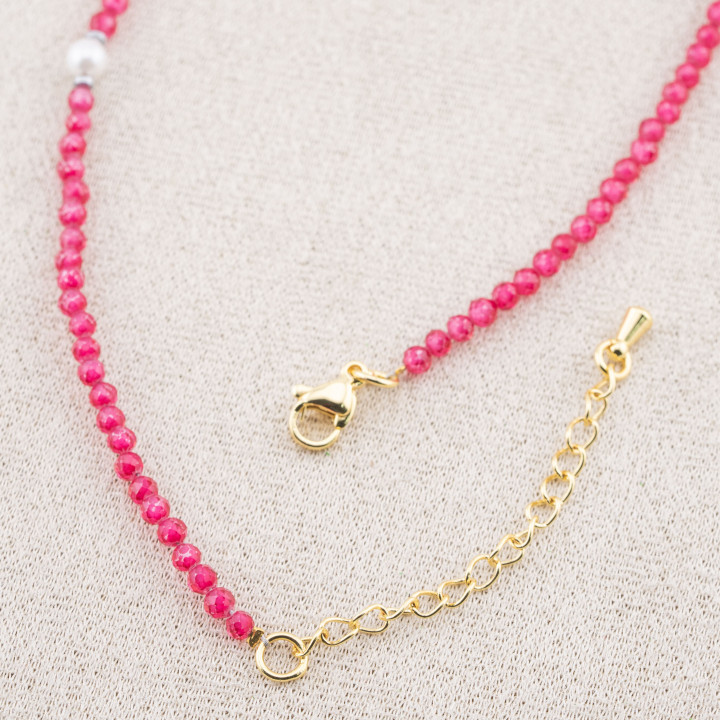 Collana con Cristalli Rossi E Perle Di Maiorca Con Chiusura e Catenina In Acciaio Dorato 10pz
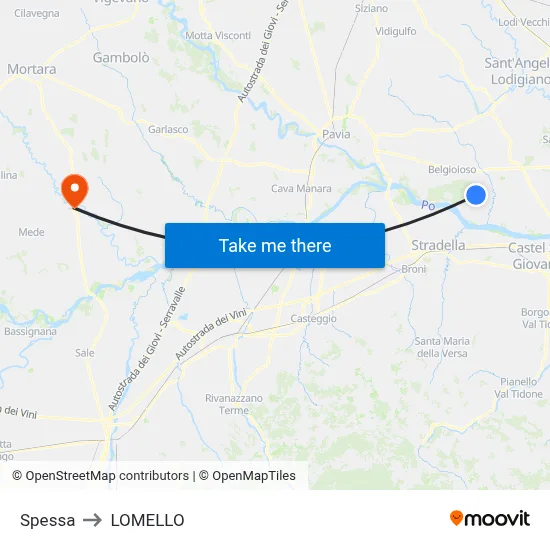 Spessa to Lomello map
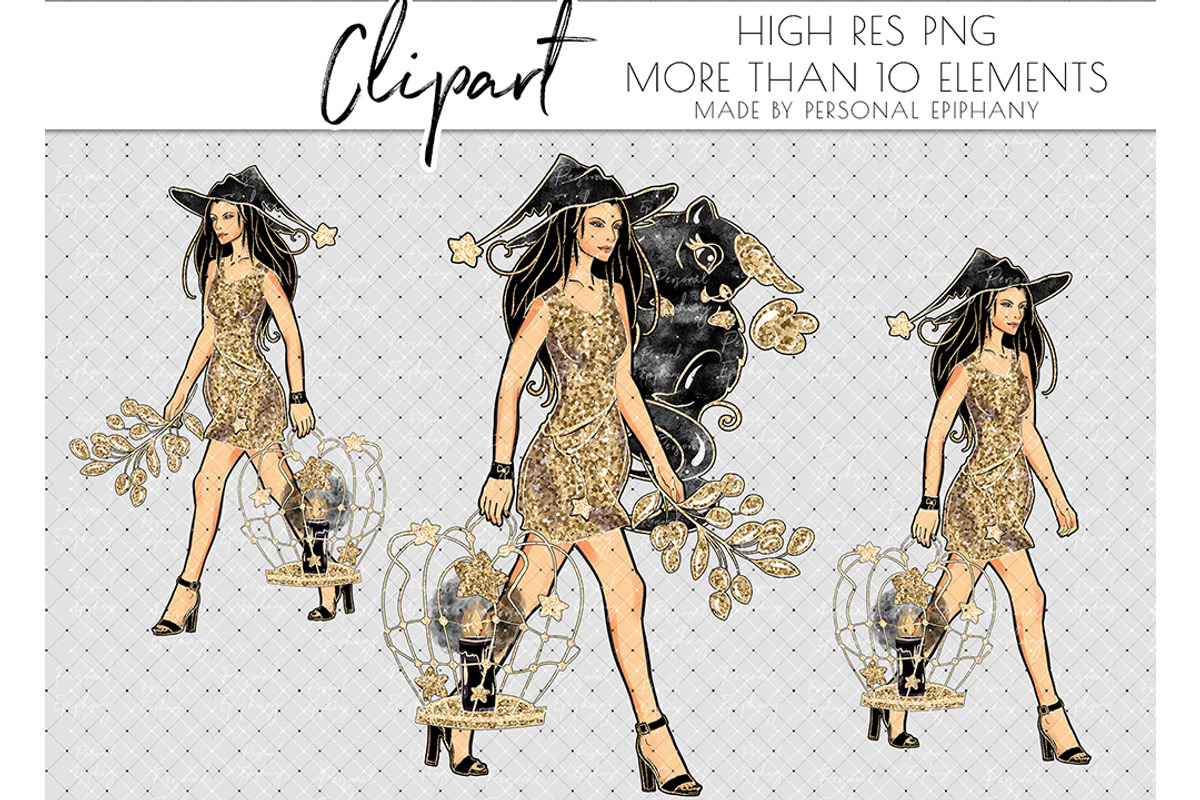 glam witch halloween clipart, beast, an Illustration by Personal Epiphany (Photo 3 of 5)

Problem requirements: Write out again every line above exactly as given; the pictures do not belong in the copy.

Result for this exercise:
 Collana con Cristalli Rossi E Perle Di Maiorca Con Chiusura e Catenina In Acciaio Dorato 10pz
 Spessa to Lomello map
 glam witch halloween clipart, beast, an Illustration by Personal Epiphany (Photo 3 of 5)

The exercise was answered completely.